NTT, Jarrakpos.com- Wali Kota Kupang, dr. Christian Widodo, menegaskan komitmennya mewujudkan pemerintahan yang transparan, inovatif, dan berpihak pada masyarakat.
Dalam acara media gathering perdana yang dihadiri lebih dari 100 wartawan, Rabu (14/8/2025), di Hotel Harper, Christian bersama Wakil Wali Kota, Serena C. Francis, memaparkan capaian 100 hari kerja yang disebutnya sebagai awal dari perjalanan panjang membangun Kota Kupang.
Christian mengawali sambutannya dengan apresiasi kepada seluruh pihak, mulai dari anggota DPRD, perangkat daerah, partai pendukung, hingga insan pers.
Ia menegaskan bahwa kegiatan ini sepenuhnya digelar sebagai bentuk penghargaan terhadap media yang berperan menyebarkan informasi pembangunan kota.

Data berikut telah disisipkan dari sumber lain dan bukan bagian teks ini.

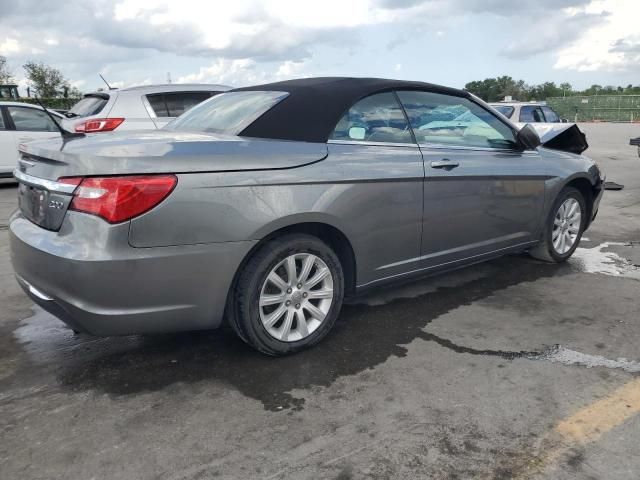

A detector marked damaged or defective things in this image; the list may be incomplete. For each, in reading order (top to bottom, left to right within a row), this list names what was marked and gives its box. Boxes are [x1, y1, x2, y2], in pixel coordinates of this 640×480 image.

damaged front end [524, 123, 588, 155]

“Enam bulan ini bukan jalan yang mudah. Banyak hambatan, anggaran sudah diketok, efisiensi ketat, tapi dengan kerja kolaborasi, kita bisa selesaikan tantangan satu per satu,” ujarnya.
Pengelolaan Sampah Terpadu Pertama di Kota Kupang
Salah satu gebrakan besar Christian-Serena adalah peta jalan penanganan sampah terpadu. Sistem ini mengolah sampah dari tingkat RT, kelurahan, hingga kecamatan, sehingga 85% sampah dikelola di wilayah masing-masing dan hanya 15% yang dibawa ke TPA Alak.

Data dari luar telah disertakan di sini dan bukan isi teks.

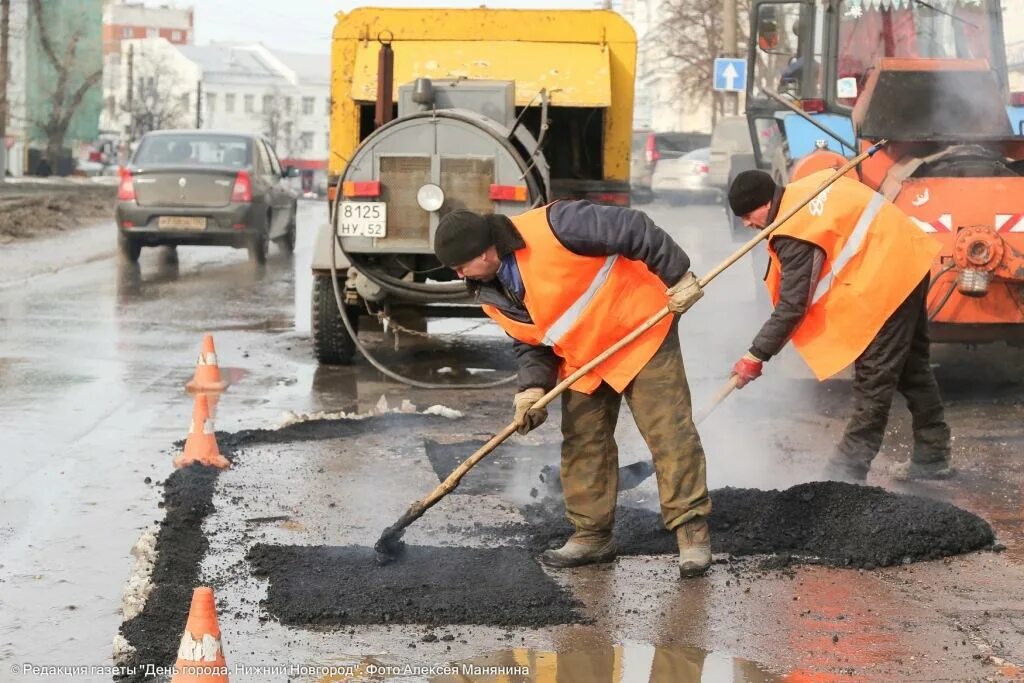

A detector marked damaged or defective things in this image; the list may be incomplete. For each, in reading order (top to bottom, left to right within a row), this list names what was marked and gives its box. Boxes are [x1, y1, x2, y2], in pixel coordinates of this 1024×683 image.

asphalt patch on road [503, 481, 999, 573]
asphalt patch on road [247, 540, 585, 626]
fresh black asphalt patch [247, 544, 585, 630]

“Kita pasang GPS di 50 truk sampah, seperti Gojek atau Grab, jadi warga bisa pantau,” jelasnya.
UMKM Tumbuh, Uang Berputar Ratusan Juta
Christian juga menyoroti sukses Sunday Market Buat Orang Kupang (SABOAK) di Taman Nostalgia.

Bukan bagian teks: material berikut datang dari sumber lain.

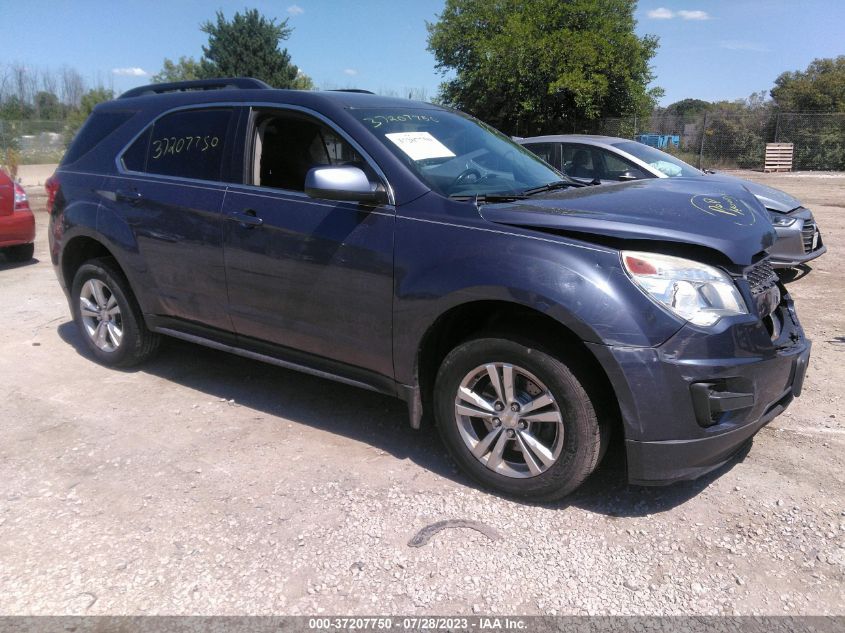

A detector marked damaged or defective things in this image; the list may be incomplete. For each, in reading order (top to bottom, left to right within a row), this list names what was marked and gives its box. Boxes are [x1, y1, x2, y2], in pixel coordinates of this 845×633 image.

Setiap Sabtu-Minggu, lebih dari 100 pelaku UMKM berjualan tanpa membayar sewa lapak, memutar uang hingga Rp500–600 juta per pekan.
“Ini bukan hanya soal ekonomi, tapi juga menghidupkan kembali taman kota agar bernyawa,” tegasnya.
Bidang Kesehatan dan Bantuan Sosial
Pemerintah Kota Kupang menyiapkan dana Rp3 miliar untuk warga yang mengalami kegawatdaruratan medis namun tidak memiliki atau menunggak BPJS.
Program Siranak (Sistem Rawat Inap) juga dikembangkan agar masyarakat bisa memantau ketersediaan kamar rumah sakit secara daring.
Selain itu, program bantuan beras 20 kilogram untuk 23 ribu keluarga telah berjalan, termasuk penyediaan liang lahat gratis bagi warga kurang mampu.
Reformasi Birokrasi dan Hak ASN
Di bidang birokrasi, Christian memastikan tunjangan kinerja ASN dibayar penuh setiap bulan. Kota Kupang juga menjadi daerah pertama di NTT yang menyerahkan SK Pegawai Pemerintah dengan Perjanjian Kerja (PPPK) formasi 2024.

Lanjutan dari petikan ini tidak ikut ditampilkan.